What you will do:
I need the lines from the one holding "r&s®znh 手持式矢量网络分析仪" to the last line of the data below repeated exactly, both included, without pictures.

[Opening Entries supplied section]

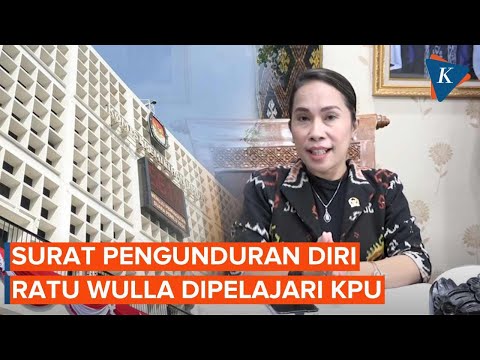 Ratu Wulla Kalahkan Viktor Laiskodat Tiba-tiba Undurkan Diri, Surat Telah Diterima KPU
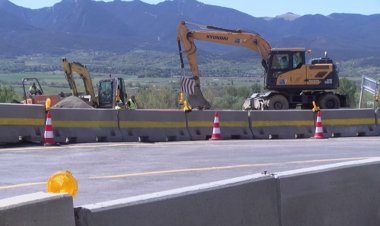 GER OBLIGA A FER UNA ROTONDA A LA N-260, DAVANT LA CONSTRUCCIÓ DE 50 NOUS HABITATGES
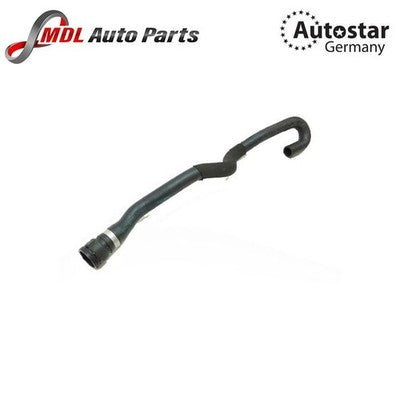 AutoStar Germany Heater Hose 64216911000 for BMW 5 Series E60/E61 2001-2010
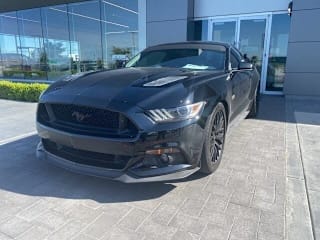 2015 Ford Mustang GT 1FA6P8CF9F5351222 2015 Ford Mustang GT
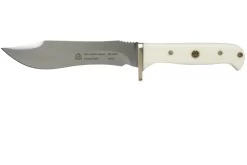 PUMA SGB Buffalo Hunter, Smooth White Bone 6817200T Cuchillo De Caza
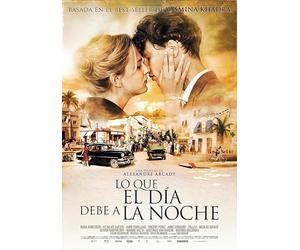 Ce Que Le Jour Doit a La Nuit Dvd avec audio francais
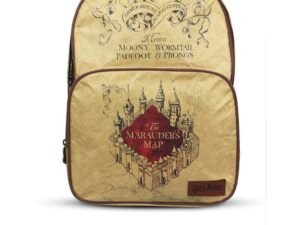 Harry Potter Backpack Marauders Map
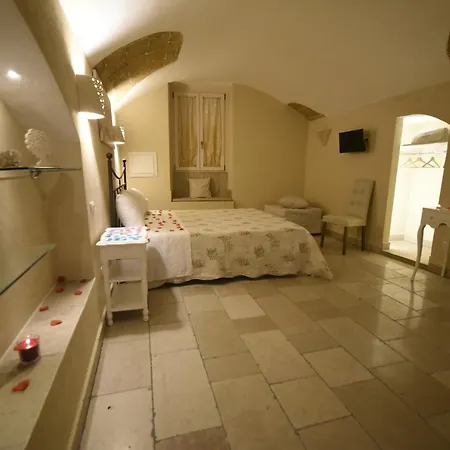 Bed & Breakfast Corte Cantalupi Gallipoli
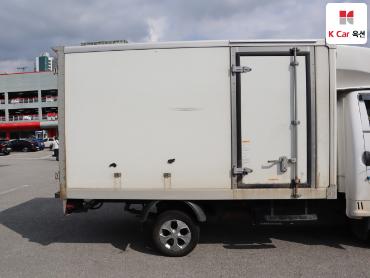 2023 - hyundai porter ii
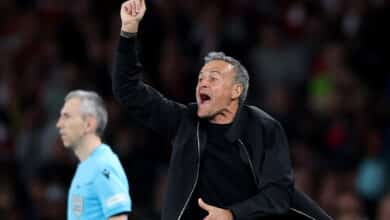 لويس إنريكي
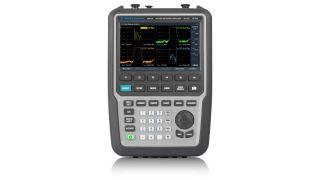 r&s®znh 手持式矢量网络分析仪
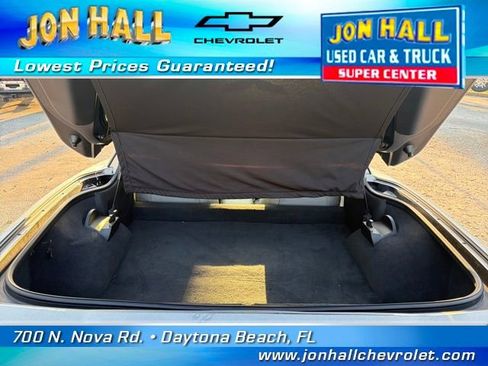 Used 2008 Chevrolet Corvette Coupe w/ Preferred Equipment Group image 10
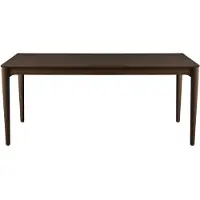 1898 Ekåsen eettafel 90x180 cm Gerookt gelakt eikenhout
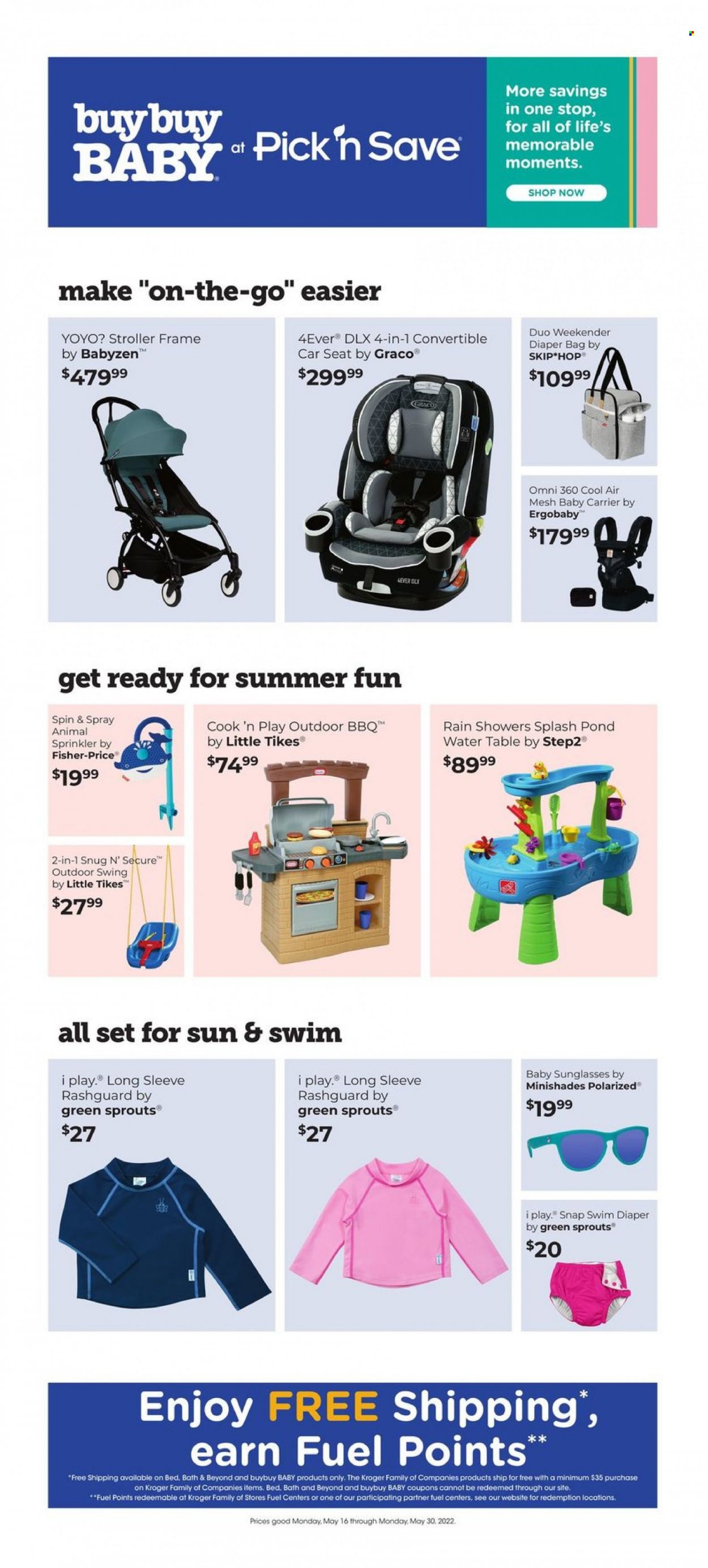 Pick ‘n Save ad - 05/16/2022 - 05/30/2022. Page 2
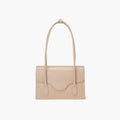 French Leather Baguette Bag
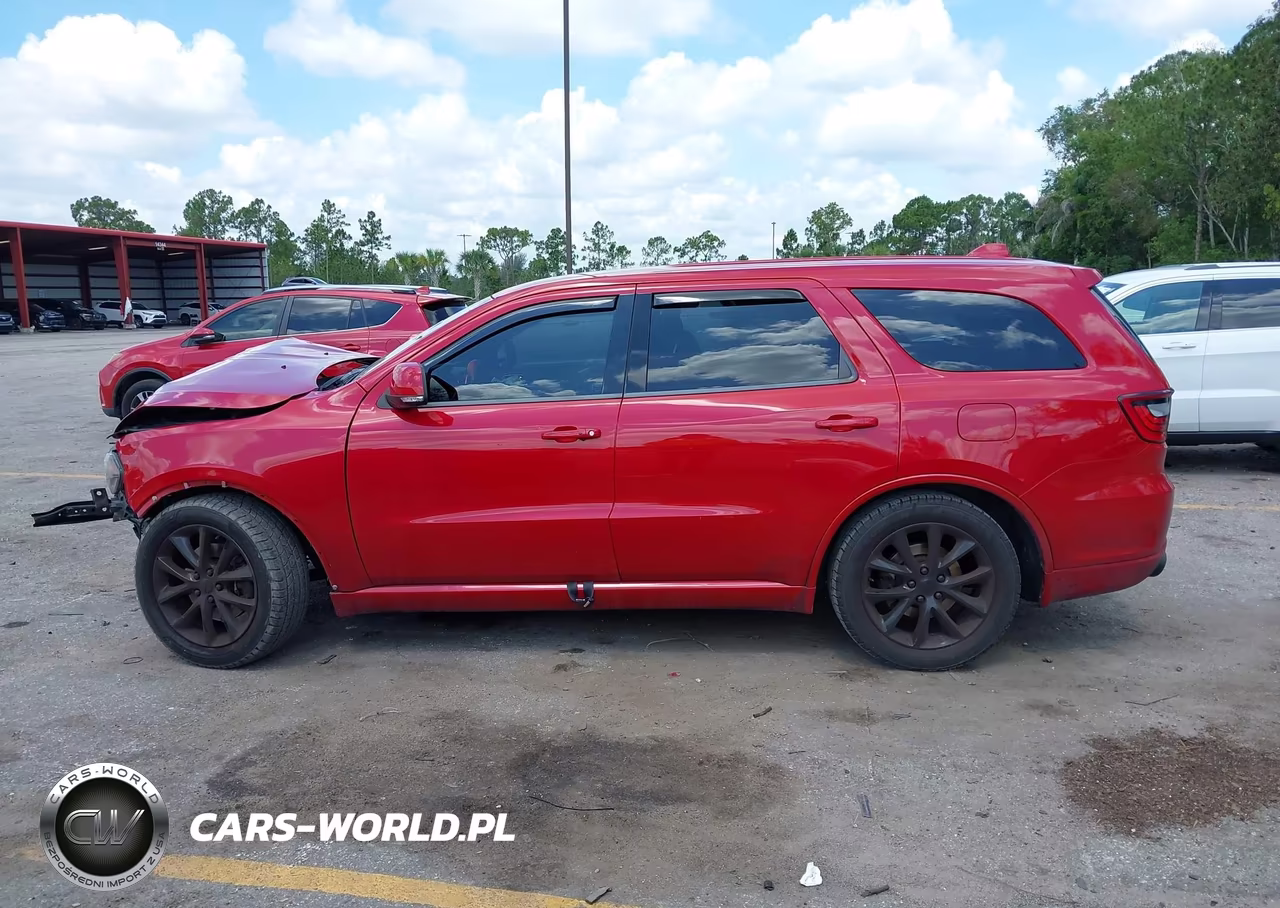 2014 Dodge Durango R-T VIN:1C4SDHCT3EC344106 - 14
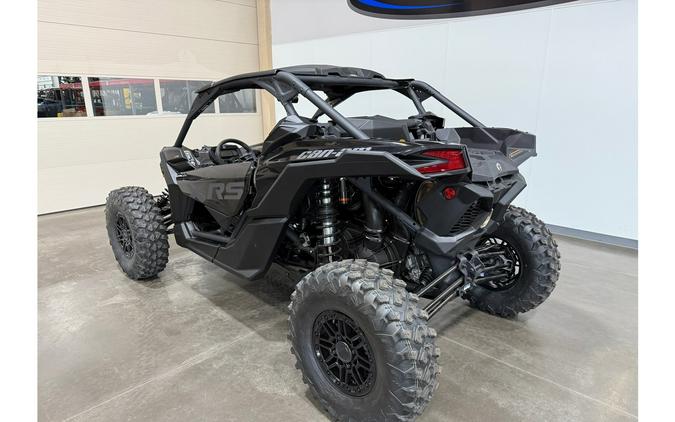 2025 Can-Am Maverick X rs TURBO RR SS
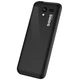 Телефон кнопочний Sigma X-style 351 LIDER чорний - изображение 4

[Closing Entries supplied section]

Result:
 r&s®znh 手持式矢量网络分析仪
 Used 2008 Chevrolet Corvette Coupe w/ Preferred Equipment Group image 10
 1898 Ekåsen eettafel 90x180 cm Gerookt gelakt eikenhout
 Pick ‘n Save ad - 05/16/2022 - 05/30/2022. Page 2
 French Leather Baguette Bag
 2014 Dodge Durango R-T VIN:1C4SDHCT3EC344106 - 14
 2025 Can-Am Maverick X rs TURBO RR SS
 Телефон кнопочний Sigma X-style 351 LIDER чорний - изображение 4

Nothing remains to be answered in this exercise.